Viele Fragezeichen hinsichtlich Machbarkeit
Für die Biokraftstoffe insgesamt überwiegen zurzeit noch die Unsicherheiten, wenn auch grosse Chancen für die neuen Technologien der zweiten und dritten Generation bestehen. Doch auch hier stellen sich Fragen zur technischen, ökonomischen und ökologischen Machbarkeit. Zudem entsteht eine neue Konkurrenz durch die Entwicklung von Elektroautos. Hinzu kommen erhebliche Schwankungen der Rohstoff- und Produktpreise, die die Wirtschaftlichkeit der Biokraftstoffe bestimmen.


Erneuerbare Energien auf dem Vormarsch
2009 ist die Installation erneuerbarer Energien trotz Wirtschaftskrise, tiefen Ölpreises und unbefriedigender Fortschritte in der Klimapolitik weltweit gut vorangekommen. Erneut wurden in Europa und in den USA mehr Stromerzeugungsanlagen auf Basis erneuerbarer Energien als aus konventionellen Quellen erstellt.

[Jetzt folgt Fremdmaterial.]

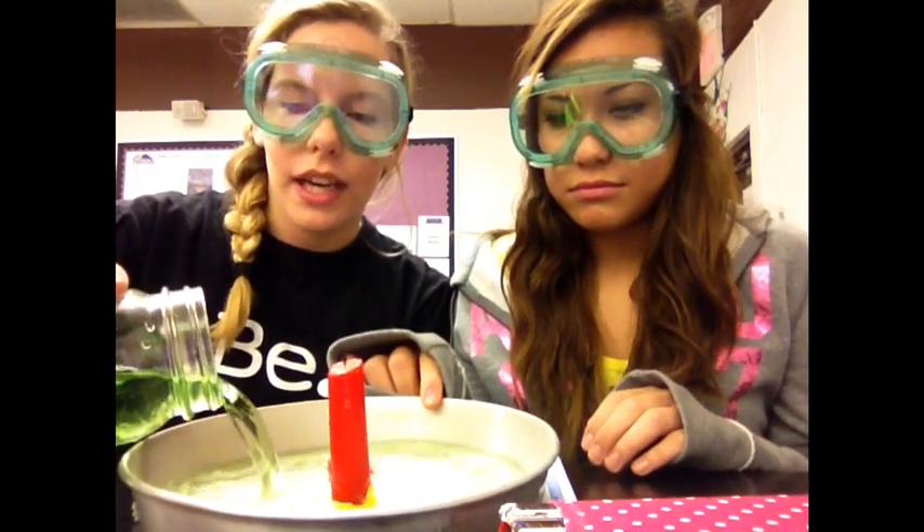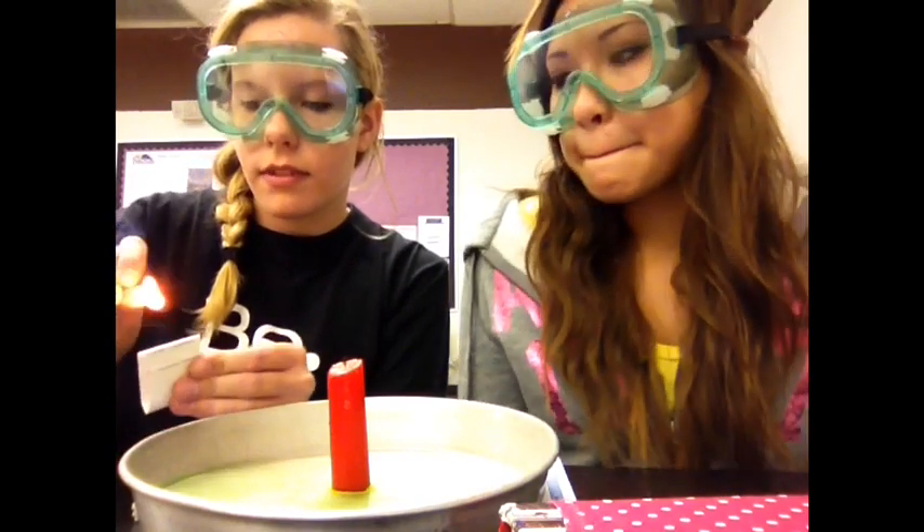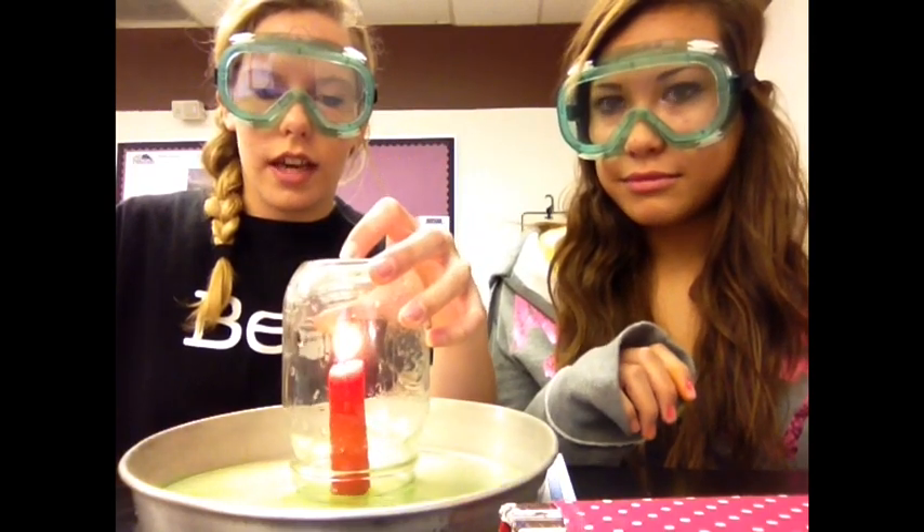First we will add some water into this pan. You may add food coloring to make the water more visible. Then you light the match and start the candle on fire. Then you take the jar and you gently set it over the candle.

Neben der Wind- (+31%) und Solarenergie (+13%) sowie der Kleinwasserkraft (+7%), gewannen auch andere erneuerbare Energien wie die Meeresenergie (+2%) und die Geothermie (+4%) trotz niedriger Wachstumsraten an Bedeutung. Die erneuerbaren Energien entwickeln sich als wachsender Wirtschaftssektor derzeit zu einer reifen und etablierten Industrie. Während die Photovoltaik verstärkt in Richtung Elektroindustrie geht, entwickelt sich die Windenergie stärker in Richtung Maschinen- und Anlagenbau. (sarasin/mc/ps)

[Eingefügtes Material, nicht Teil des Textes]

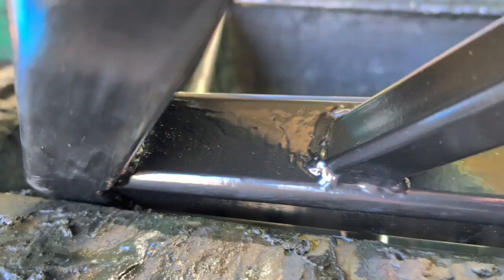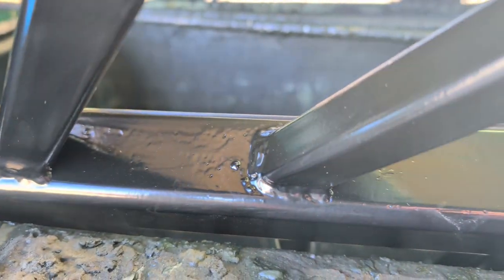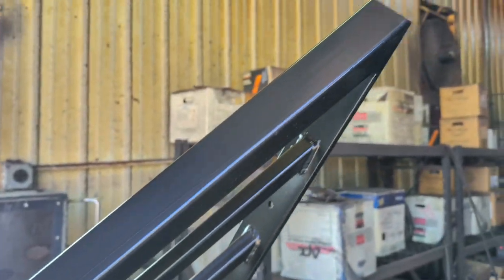Have you ever powder coated a railing or a weld part and when you pull it out of the oven you notice either pinholes or fish eyes, or that little streak where it looks like moisture came out and ruined your paint job? This is almost always one of a few things — air escaping from a pinhole from your weld, oil, or other contaminants that you didn't get cleaned up or outgassed properly. Let's get into exactly how you can prevent this and the proper way to prep your parts so that this never happens to you.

Nachhaltigkeitsstudie «Erneuerbare Energien 2010» erhältlich
Die vollständige Studie «Erneuerbare Energien: vom Nischen- zum Massenmarkt» der Bank Sarasin (Autor: Dr. Matthias Fawer) gibt einen fundierten und kritischen Überblick zum Stand der erneuerbaren Energien und beleuchtet die unterschiedlichen Aspekte, welche bei einer nachhaltig ausgerichteten Vermögensverwaltung zu beachten sind. Die Studie ist in deutscher und englischer Sprache gegen eine Schutzgebühr von CHF 50 resp. EUR 35 (für Kunden und Medien gratis) erhältlich bei: [email protected]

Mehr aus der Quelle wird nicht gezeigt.